During Hugo Chávez’s presidency, oil revenues subsidized staples like food, gasoline, and toilet paper; education and medicine were virtually free. Chávez’s chosen successor, Nicolás Maduro, continued those policies, but in 2014, when the price of oil plummeted, affordable food, medicine, car parts, and countless other necessities disappeared from store shelves. The country’s reliance on oil money and the government’s years of mismanagement and corruption left the country in disarray. The already rising crime rate spiked, and citizens struggled to feed themselves, becoming dependent on government ration boxes. Protests erupted in waves, and the quality of life continued to worsen. Many in the working class, who once adored Chávez, turned their backs on Maduro. Three million Venezuelans have fled the country since 2015. Those who have stayed are plagued by power blackouts, water shortages, and uncertainty amid renewed political unrest.
With hyperinflation and a monthly minimum wage currently at 18,000 bolívares, or about $3.50, it’s become difficult to survive even with a steady income.
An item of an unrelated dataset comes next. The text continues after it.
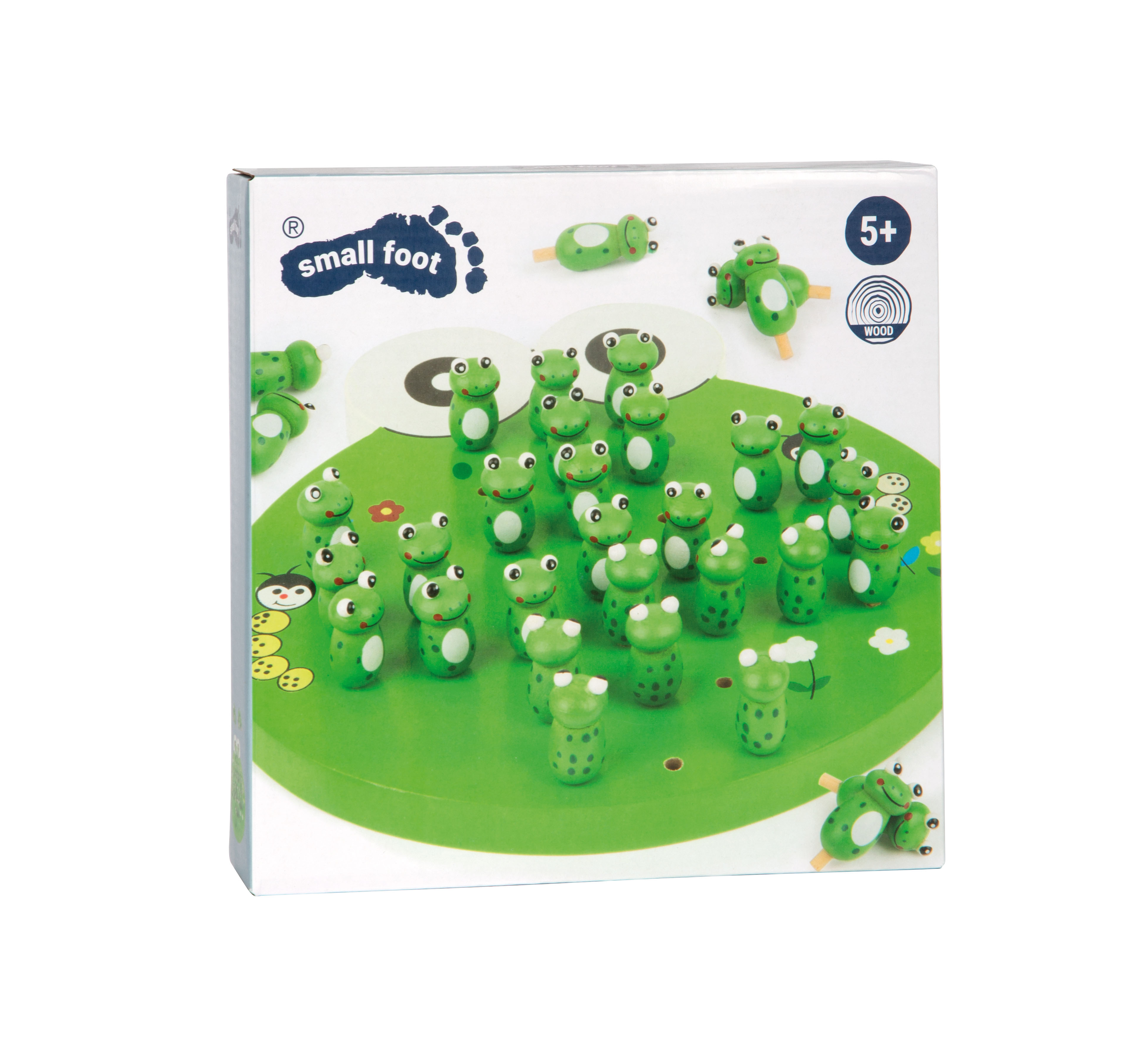 Solitär Frosch für Kinder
For some, relief comes in the form of remittances; others work the black market. For Katho, and a team of about 30 other women, stability comes from SecoCheers. The group, founded by athletic trainer and dancer Caridad Seco in 1998, a year before Chávez was sworn into office, is a freelance team of cheerleaders that performs at sports games and other events across the country. The $2 to $10 the women earn per performance buys necessities like flour, baby formula, medicine, and school uniforms that might otherwise be out of reach. Caridad earns a little more than minimum wage working a day job training special-needs athletes. Without the extra income from managing the team, she says she wouldn’t be able to make ends meet.
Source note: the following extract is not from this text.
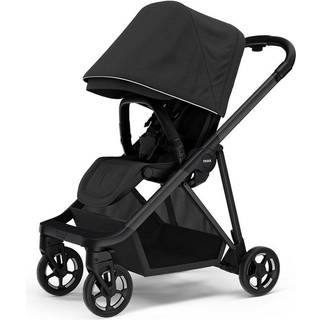 Thule Shine Duovogn inkl. Beemoo Route i-Size Autostol Baby & ISOFIX Base, Black/Black Stone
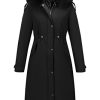 Women's Puffer Jacket Lightweight Quilted Hooded Long Down Alternative Coat with Belt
The cheerleaders come from working-class barrios across Caracas. In better times, becoming a cheerleader offered competitive pay and more glamour than the government jobs or service positions that were available to them. Now, the cost of tights, makeup, and nails often soars above a month’s salary. Then there’s the price of plastic surgery. Caridad explains the calculus simply: The ones with more curves are selected for more shows.
After Katho prepares the arepas, she coaxes Hellen out of bed and into her uniform. She then drops her daughter off at her grandfather’s house; he will drive her to school on his motorcycle. About 20 minutes later, however, Hellen runs through the back door, beaming. The teacher didn’t show up again. Katho shrugs, grabs her by the hand, and they start down the stairs of the barrio to join the line at the bank. They wait for about an hour, amid desperate pensioners and employees late for work. When they finally make it to the front, Katho takes out the limit, about $2.50. It’ll cover a few bus trips to practice.